RECORDED INFORMATION
----
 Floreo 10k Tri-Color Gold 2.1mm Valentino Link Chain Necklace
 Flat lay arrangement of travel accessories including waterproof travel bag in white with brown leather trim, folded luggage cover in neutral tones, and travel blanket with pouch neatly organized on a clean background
----
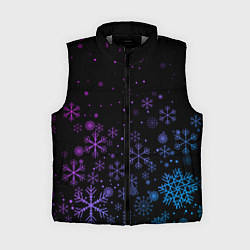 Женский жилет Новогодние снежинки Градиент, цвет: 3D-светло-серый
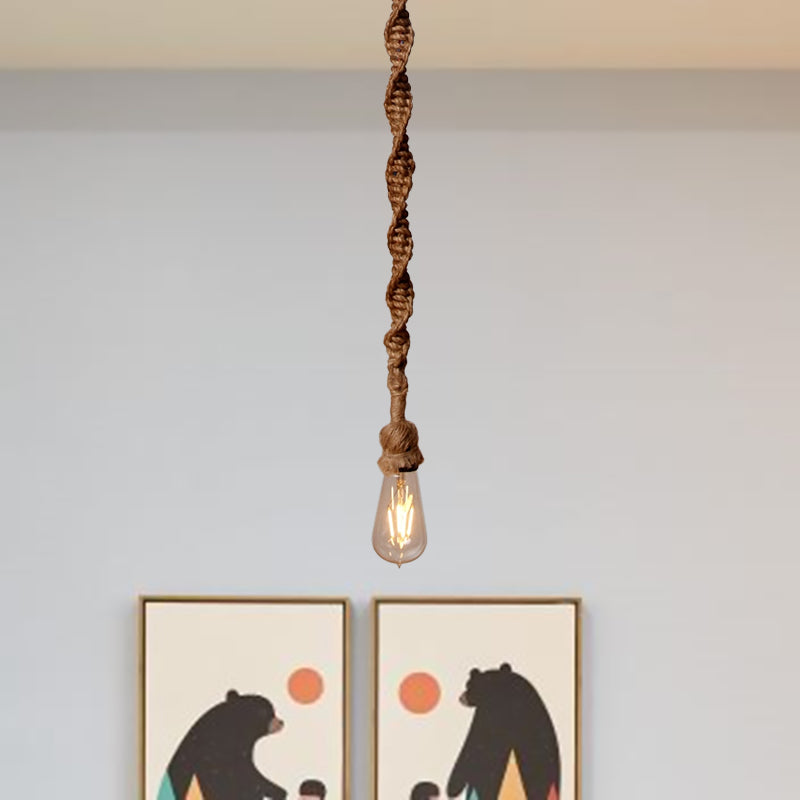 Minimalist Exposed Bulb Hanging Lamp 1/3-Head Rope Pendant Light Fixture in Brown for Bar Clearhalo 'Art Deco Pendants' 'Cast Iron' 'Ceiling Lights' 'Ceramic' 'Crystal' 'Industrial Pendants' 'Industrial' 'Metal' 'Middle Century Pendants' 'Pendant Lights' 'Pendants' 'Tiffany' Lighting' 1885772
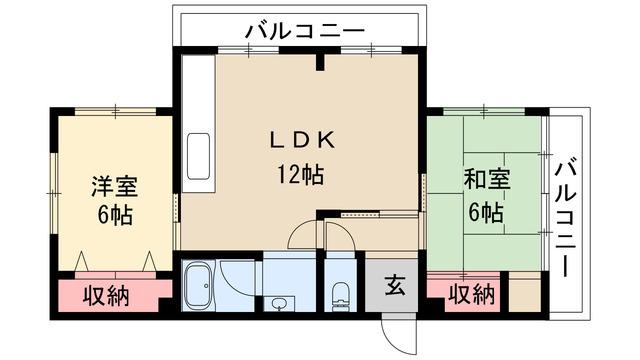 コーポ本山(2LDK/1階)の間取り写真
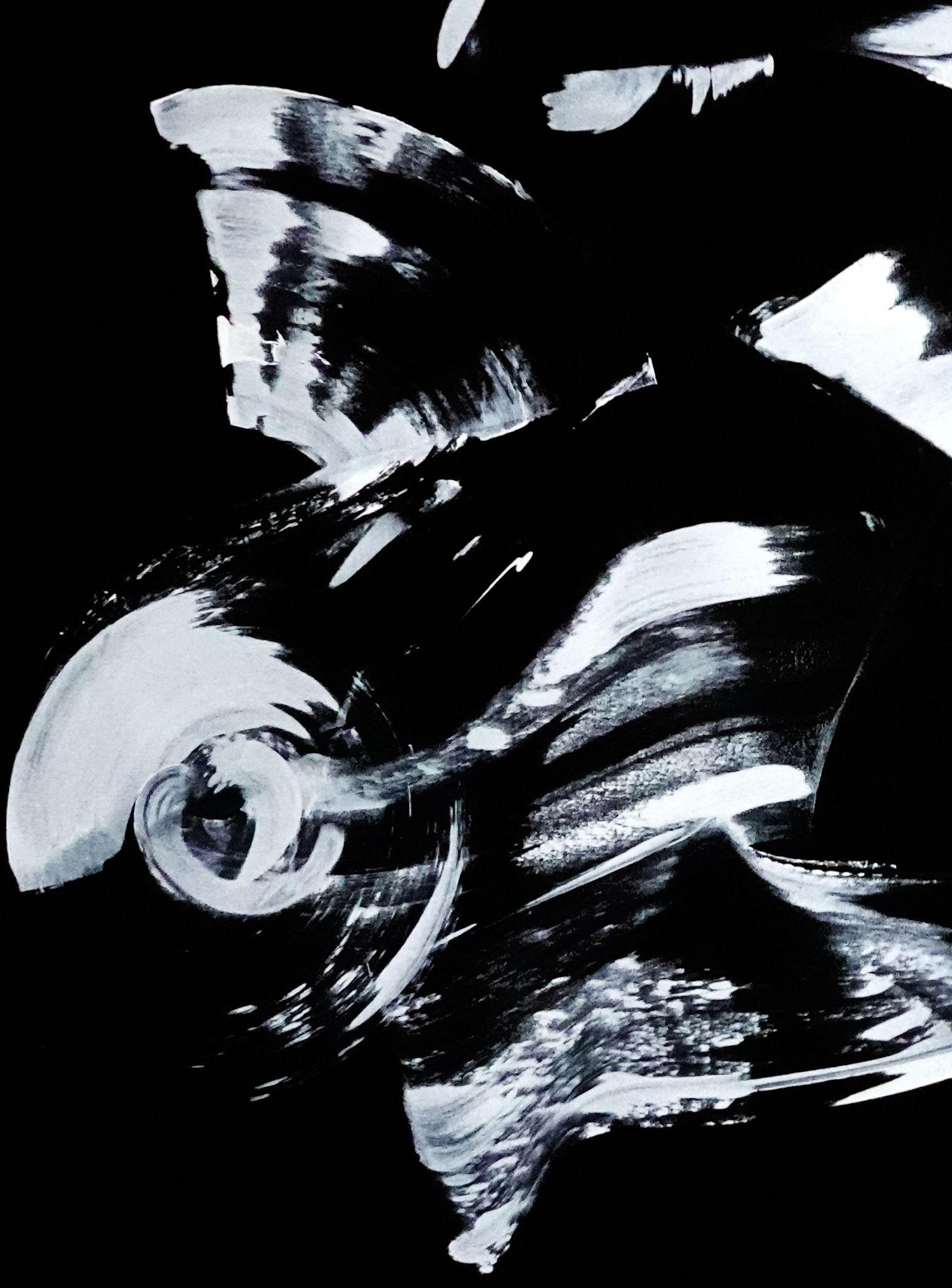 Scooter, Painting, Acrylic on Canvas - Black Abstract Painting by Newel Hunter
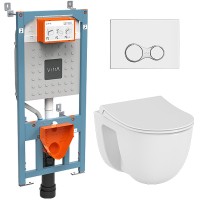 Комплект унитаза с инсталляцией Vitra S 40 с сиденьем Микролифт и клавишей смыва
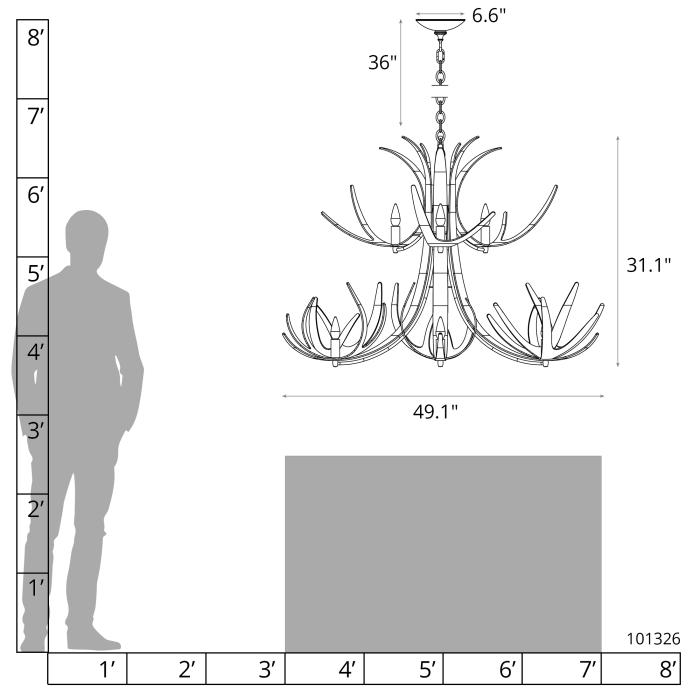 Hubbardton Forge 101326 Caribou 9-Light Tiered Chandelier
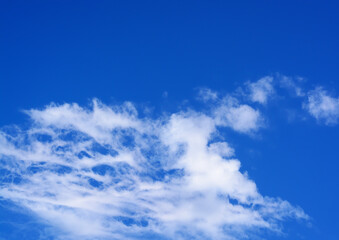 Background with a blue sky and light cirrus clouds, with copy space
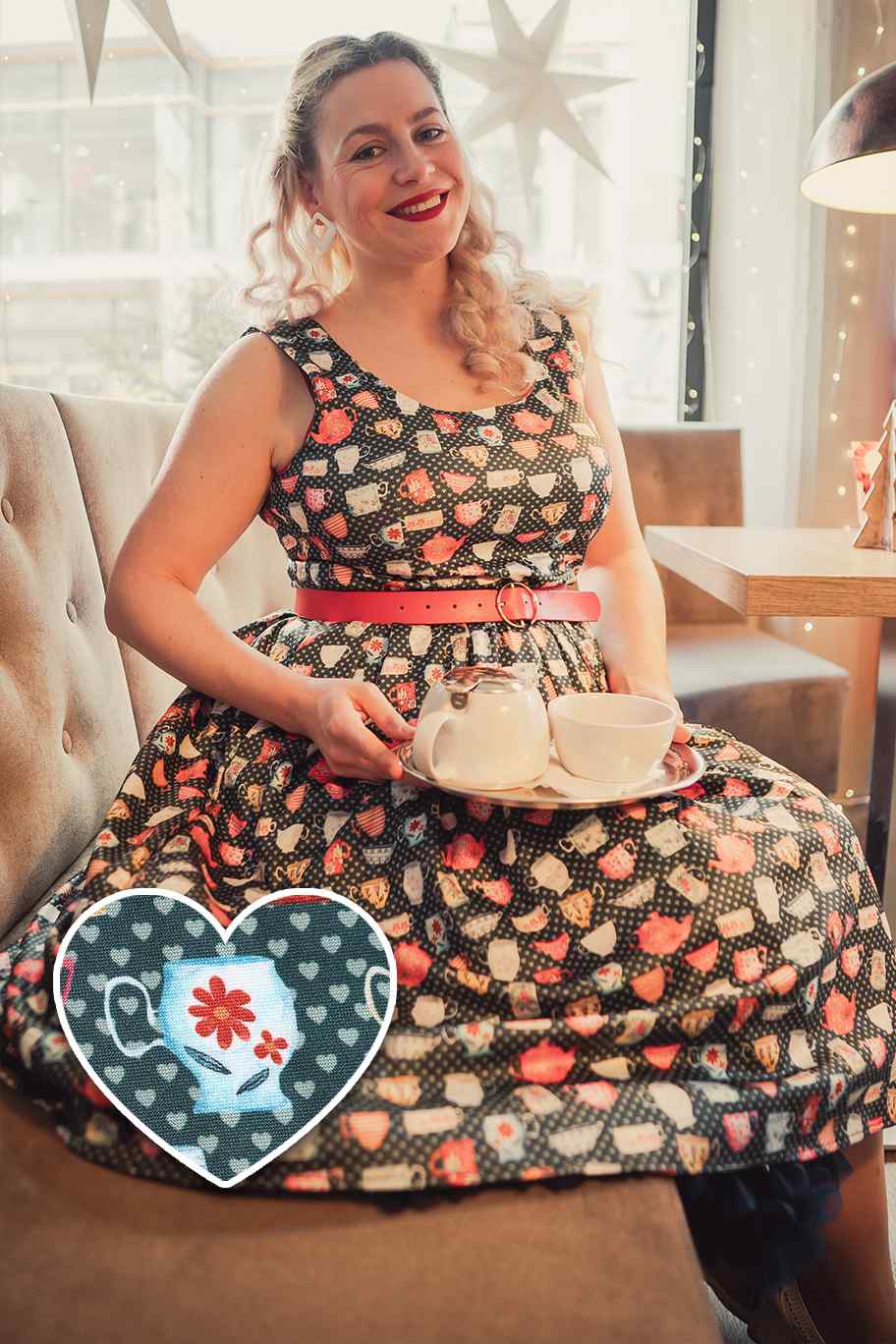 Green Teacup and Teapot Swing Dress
----
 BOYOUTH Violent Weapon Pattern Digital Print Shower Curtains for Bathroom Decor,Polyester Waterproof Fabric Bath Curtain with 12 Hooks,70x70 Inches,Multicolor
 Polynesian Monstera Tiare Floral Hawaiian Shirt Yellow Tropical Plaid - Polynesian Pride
----
ACTIVITY
Set down again, word for word, the stretch of records from the line with "Floreo 10k Tri-Color" to the line with "Flat lay arrangement", both of those lines included.

SOLUTION TO THIS PROBLEM
 Floreo 10k Tri-Color Gold 2.1mm Valentino Link Chain Necklace
 Flat lay arrangement of travel accessories including waterproof travel bag in white with brown leather trim, folded luggage cover in neutral tones, and travel blanket with pouch neatly organized on a clean background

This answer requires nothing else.